§ **THE RECORDS**
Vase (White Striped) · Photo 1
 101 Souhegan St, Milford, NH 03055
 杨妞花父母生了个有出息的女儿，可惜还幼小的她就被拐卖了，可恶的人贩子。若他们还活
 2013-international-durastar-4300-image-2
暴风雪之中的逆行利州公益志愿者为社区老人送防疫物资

§ **INSTRUCTIONS FOR THE TASK**
Retype the listing above in full, exactly as it stands.

§ **YOUR SOLUTION**
Vase (White Striped) · Photo 1
 101 Souhegan St, Milford, NH 03055
 杨妞花父母生了个有出息的女儿，可惜还幼小的她就被拐卖了，可恶的人贩子。若他们还活
 2013-international-durastar-4300-image-2
暴风雪之中的逆行利州公益志愿者为社区老人送防疫物资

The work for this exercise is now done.